Seminar Date: Tuesday, May 21, 2024
Time: 11:00 am
Location: 67-3111 & Zoom
Talk Title: Building science of manufacturing for halide perovskites, from microcrystal libraries to thin films
Zoom link
Abstract:
Two-dimensional halide perovskites (HPs) combine the richness of physical
functionalities of inorganic materials and complexity and stimulus responsiveness of organic molecules (spacer cations) in a single bulk dynamic material. The unique aspect of these materials is the thermodynamic (meta) stability, allowing for self-organized formation of complex large-period structures. Combined with the ease of fabrication, these materials not only have extensively demonstrated state-of-the-art high-performance optoelectronics, but also offer the pathway toward versatile applications, including sensing, and light emitting applications as well as their cost-effective mass production. However, discovery and optimization of this material require joint optimization of the composition of the inorganic components and selection of the molecular moieties, to harness the phase formation and self-assembly processes on the material level, and extend it to micro- and macroscale functional devices.
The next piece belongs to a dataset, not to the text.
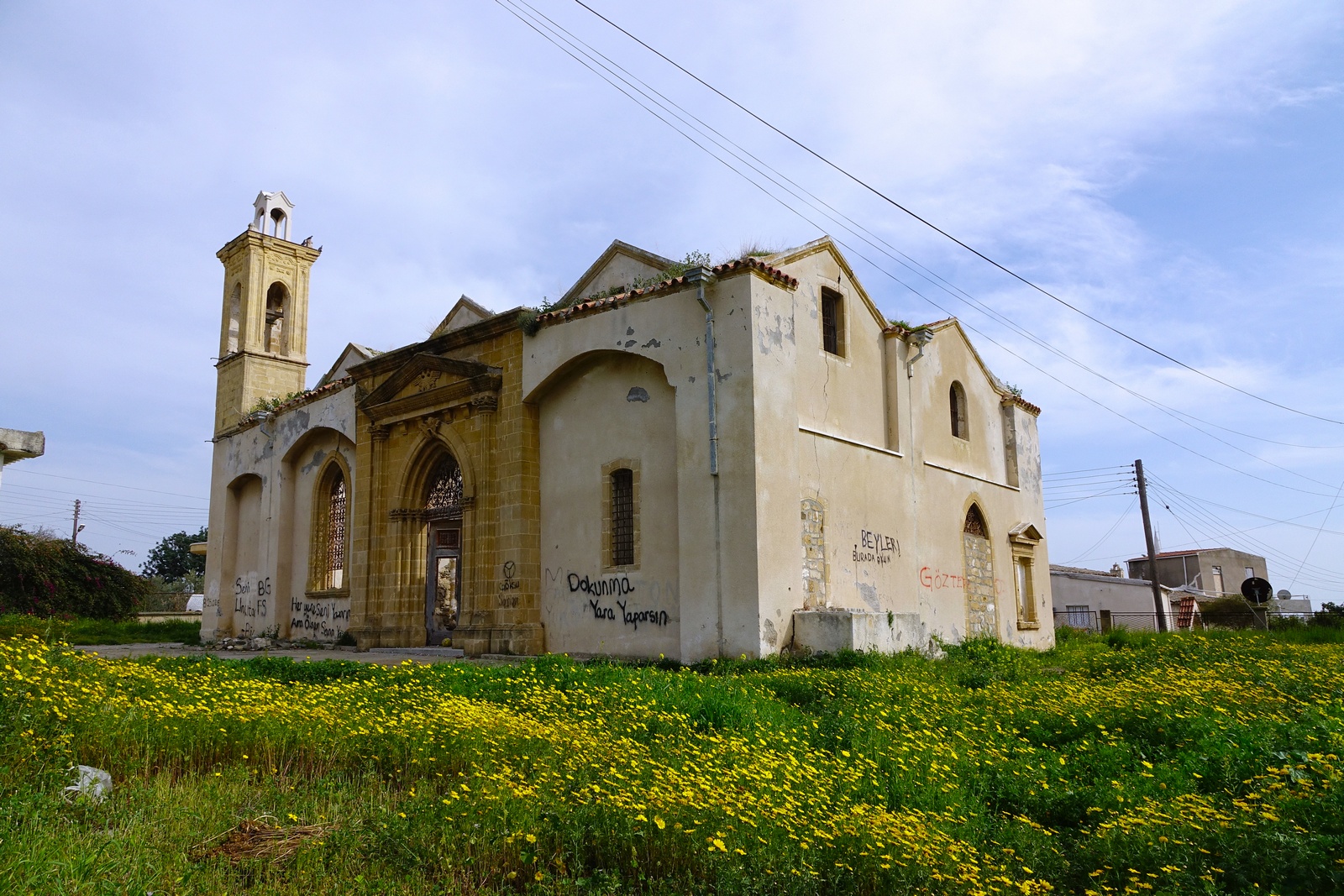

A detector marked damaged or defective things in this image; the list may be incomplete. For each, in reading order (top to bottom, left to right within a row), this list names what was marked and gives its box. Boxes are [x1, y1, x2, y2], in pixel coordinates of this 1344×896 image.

rusted iron window grate [328, 477, 346, 584]
rusted iron window grate [612, 467, 632, 564]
In this talk, I will discuss the potential of high throughput automated experiments to expedite the discovery of 2D and quasi 2D HP, optimize processing pathways, and enhance understanding of formation kinetics. This approach requires maximal acceleration of the synthesis-characterization-prediction cycle, enabled by the incorporation of rapid characterization methods in the discovery loop. In many cases, the intrinsic latencies of theoretical modeling for sufficiently complex systems favor the experiment-first discovery approach. I will showcase how high throughput automated synthesis provides a comprehensive guide for designing optimal precursor stoichiometry to achieve functional quasi-2D perovskite phases in films capable of realizing high-performance optoelectronics. With excellent agreement between theoretical and experimental observations, we show that with judicious selection of spacer cations, 2D HP can manifest self-assembly of twisted Moire structure, which has not been observed from conventional 2D HP systems with linear spacers. These studies exemplify how a high-throughput automated experimental workflow effectively expedites discoveries and processing optimizations in complex materials systems with multiple functionalities, facilitating their realization in scalable optoelectronic manufacturing processes.
Bio:
Dr. Mahshid Ahmadi received her PhD in Materials Science and Engineering from Nanyang Technological University, Singapore in 2013 with focus on development of low-cost materials for energy applications. She graduated with B. Sci. (2004) and M. Sci. (2007) in Materials Science and Industrial Metallurgy from Shiraz University, Iran. Prior to joining UTK, she worked as a research and technology consultant in a start-up solar cell company in Dallas, TX.